Charles Tillman, DB. Mr. Peanut has quietly planted back-to-back fine all-around seasons from cornerback. You gotta like that he's consistent, with five picks in '06 to match his five picks in '05. It's also impressive that he has established himself as the Bears' third-best tackler after Urlacher and Briggs. Tillman's stats make him one of the better IDP values after the top safeties are long gone.
Adrian Peterson, RB. Which Adrian Peterson will be a better performer in the NFC North, this one, or the first-round rookie in Minnesota? It's a trickier question than you think. The Bears' AP, a prolific college runner in his own right at Georgia Southern, at least gets a bump up to No. 2 with the departure of Jones. When given a chance to spell Jones and Benson in the past, Peterson has been productive in stretches. He's a simple, follow-the-blockers runner who can't be ruled out for the job if Benson falters, so he's someone you want to grab in the later rounds when every other player bores you.

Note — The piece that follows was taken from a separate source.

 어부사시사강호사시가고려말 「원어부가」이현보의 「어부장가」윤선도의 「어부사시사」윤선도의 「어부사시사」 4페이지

Desmond Clark, TE. Clark remains No. 1 on the depth chart at his position -- for now. He is coming off his best receiving season in five years, with six touchdowns to go with 626 yards. But the Bears "rewarded" him by using a first-round pick on Greg Olsen, a freakish athlete with great pass-catching potential. While you might think Clark's '06 makes him a must-draft, Olsen's presence should change your mind.

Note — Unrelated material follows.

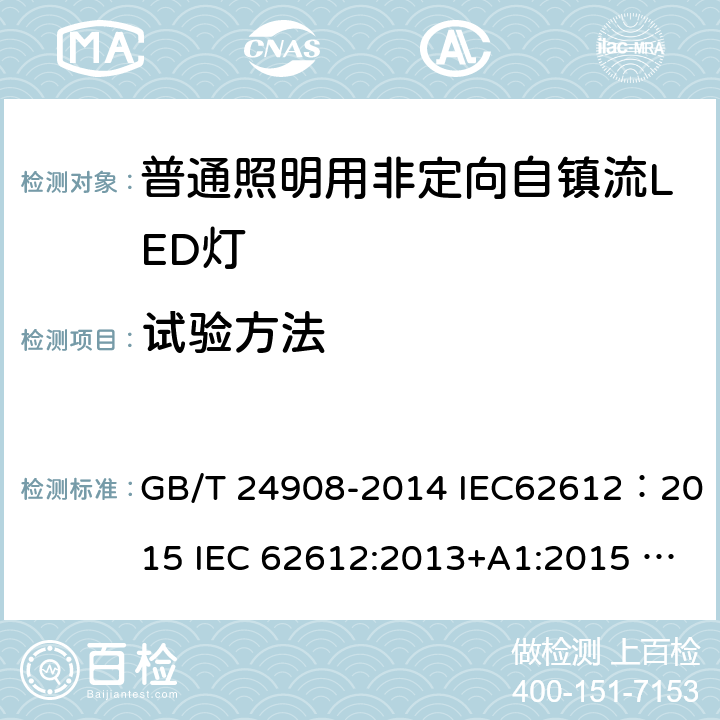 试验方法 GB/T 24908-2014 普通照明用非定向自镇流LED灯 性能要求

Greg Olsen, TE. Speak of the Hurricane. Olsen is listed as No. 2, but it will be hard for the Bears to keep him off the field for long. It's not like Clark is an all-world blocker, and Olsen should be a quick learner. The faster he can get settled into the passing game, the best for the other receivers. Even though he's behind Clark, he's the better late-round pick to stash away in hopes of becoming a fine weekly play in the second half of the season.
Alex Brown, DL. Brown got demoted to No. 3 because of Anderson. And don't expect him to produce like Anderson did as the No. 3 last season.
Devin Hester, KR/WR. The Bears are sure putting an emphasis on improving their offensive athleticism, aren't they? Hurricane Hester was quite devastating to special teams coverage units last year, and now gets to work on overmatched nickel and dime backs -- a group to which he belonged to last season. Hester is expected to be more than a reverse man -- the Bears plan on using him as a traditional receiver as well. Those chances, however, will be sporadic, and you can also bet opponents will do everything they can to keep the ball out of his hands on returns. Some smart alec will draft Hester; don't let that be you.
Brian Griese, QB. You know what they say: The backup quarterback is often the most popular player on a team. Bears fans are getting nervous about Grossman again, and the calls for Griese are getting louder. But keep this in mind: If the Bears go to Griese, they'll be making a conservative move, going with someone who won't lose games for them, which means more limited passing stats. Griese hasn't been a solid fantasy QB since his early Denver days; his stops in Miami and Tampa Bay are more the producer he is now -- a spot fantasy starter at best if he's a reality starter.
Garrett Wolfe, RB. Here's yet another young athlete to watch. I think Wolfe's involvement in terms of touches will take a while to evolve, but like Olsen and Hester, Wolfe can provide good versatility and spark to the offense. As far as a fantasy factor, however, take a wait-and-see approach to see exactly what Wolfe's role is behind Benson and Peterson.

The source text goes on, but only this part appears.